Structural scoliosis:

It is defined by a non-completely reducible anatomical disorder of the spine in all planes of space, frontal, sagittal, horizontal. So this is a three-dimensional deformation, which opposes deformation developed in one plane, such as kyphosis and lordosis. For convenience in describing, in clinical practice, we retain the combination of two essential parameters:

– The lateral deviation;

– Rotating set of interested vertebrae in the curvature; This implies, on a more or less extended area of ​​the column, a structural deformation on the vertebrae and discs.

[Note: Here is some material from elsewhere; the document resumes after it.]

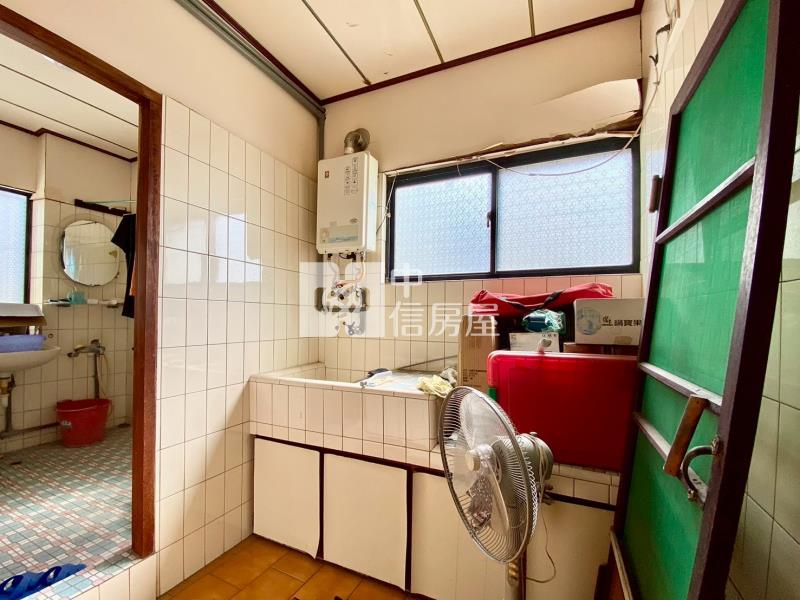 南清大田字大面寬車庫透天房屋室內格局與周邊環境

For the diagnosis of scoliosis should be required on clinical examination and radiological examination:

– A lateral deviation;

– Vertebral rotation, resulted in a hump;

– And, usually, a profile of disorder.

Idiopathic Scoliosis

Idiopathic scoliosis:

This is a structural deformation of the spine appearing and evolving during the growth period without any relation to other detectable disease process, unlike secondary scoliosis.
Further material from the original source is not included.